Si, si, on s’en occupe. On encadre des loyers, on encourage même fiscalement les propriétaires à louer moins cher que les niveaux de marché. Ah, c’est formidable ! Mais cela fait combien de logements en plus ? Pas un seul, nous courrons vers une pénurie de logement.
Heureusement, il y a des commissions et des rapports, parfois remarquables. Bourrés de solutions brillantes, et souvent pragmatiques. C’est pour cela qu’aujourd’hui, sans aucun doute avec intelligence et bonne volonté, le gouvernement encourage la transformation de bureaux en logements. Il encourage aussi la reconquête de friches industrielles pour construire en particulier des logements.
Mais on sait bien que tous les résultats mis bout à bout de tous les efforts que l’on fait, seront de toute façon insuffisants, et de très loin, par rapport au problème à résoudre qui est celui du nombre de logements.
En un mot comme en cent, Montesquieu nous dirait que le nombre de logements, s’il est bien connu et identifié comme le problème majeur, celui auquel il faudrait s’attaquer, est orphelin de véritable ambition politique.
La rénovation énergétique
Mais il aurait une deuxième source d’étonnement.
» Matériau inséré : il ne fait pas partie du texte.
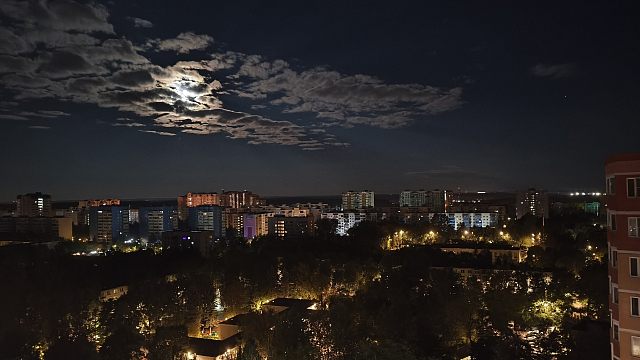 Полнолуние в облаках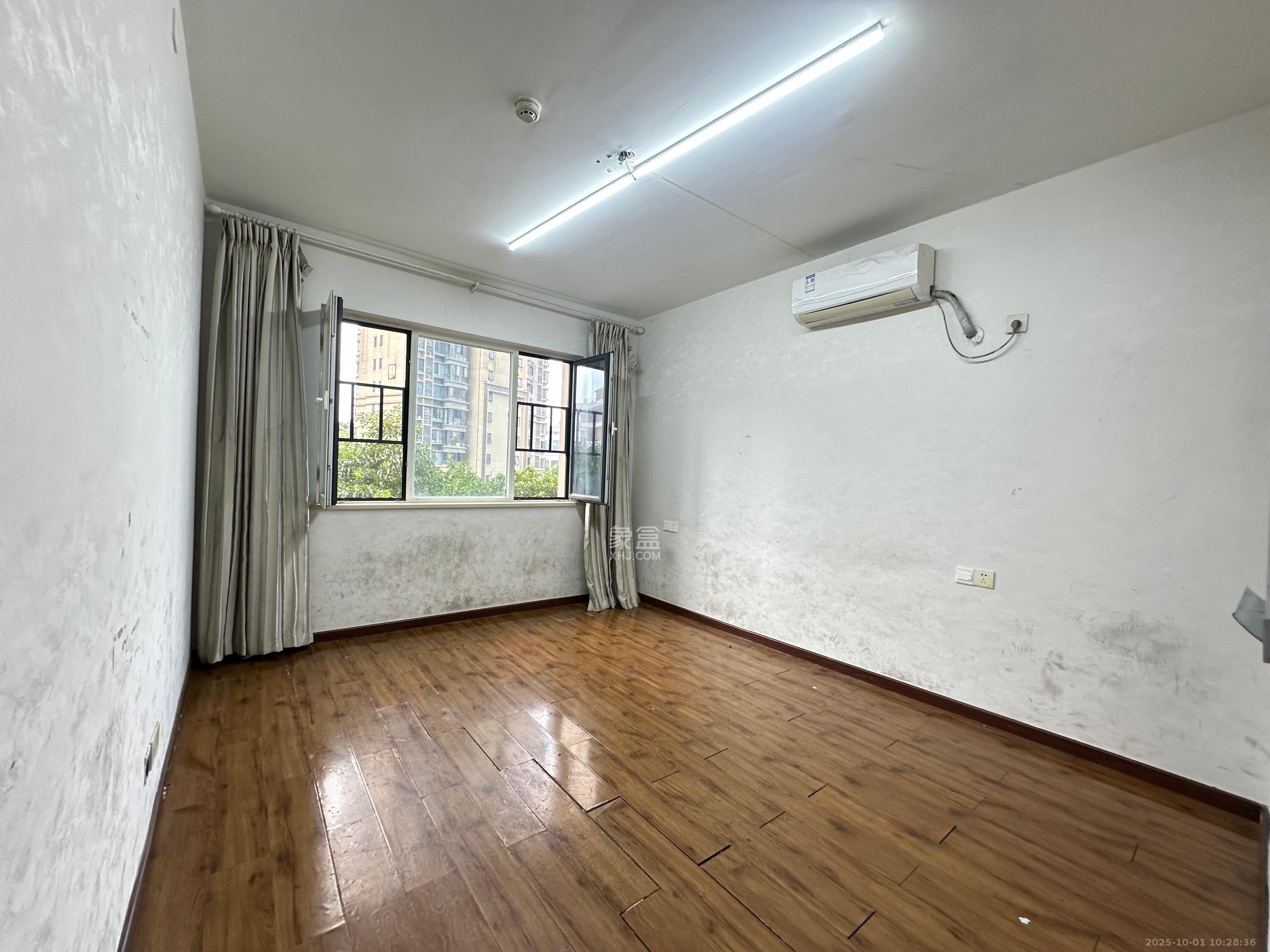 北辰三角洲E6区  4室2厅1卫    5200.0元/月室内图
Le, ou plutôt la, pour l’instant, ministre du logement voudrait mettre fin au modèle de la petite maison avec jardin. Bon. Cela fera combien de logements en plus ? Ah, pardon, ce n’est pas le sujet.
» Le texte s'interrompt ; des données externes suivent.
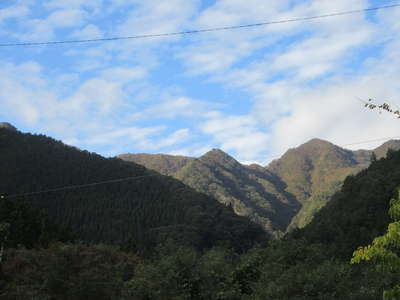 新中橋から米沢山を見上げる 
Mais c’est quoi le sujet au fait ? La transition écologique. Mais oui, le ministère du logement n’est pas un ministère autonome, c’est un ministère rattaché à celui plus important de la transition énergétique.
Ah bon ? Le sujet n’est pas le logement des Français ni une augmentation du prix mais le basculement vers moins de consommation d’énergie. Il fallait nous le dire !
Donc cessons d’espérer que l’on résolve le rapport entre le nombre de logements et celui des familles à loger, ce n’est pas le sujet principal. Le vrai sujet, c’est de dépenser moins. Alors, vive la transition écologique !
Mais notre Montesquieu s’étonnerait une troisième fois. Un calendrier a été fixé, qui interdira progressivement la location d’appartements ou de maisons qui seraient en retard sur les mises aux normes de consommation énergétique.
C’est intéressant. S’il y avait assez de logements, aucun propriétaire ne pourrait louer sa passoire énergétique. Donc il n’y aurait pas besoin d’interdire.
Mais comme justement il n’y a pas assez de logements, il y a des candidats locataires et des futurs acquéreurs même pour les passoires énergétiques : interdisez, et vous aggravez encore l’insuffisance du nombre de logements. Cherchez l’erreur !
« Comment peut-on être persan ? » est la question qui est attachée à la célébrité des Lettres Persanes. Il me semble que la grande question que poserait Montesquieu sur le sujet du logement en France serait aujourd’hui la suivante : « Mais pourquoi n’auriez-vous pas tout simplement un ministère qui s’en occuperait ? ».
Bon. Nous allons renvoyer Montesquieu dans son siècle, et rester dans le nôtre.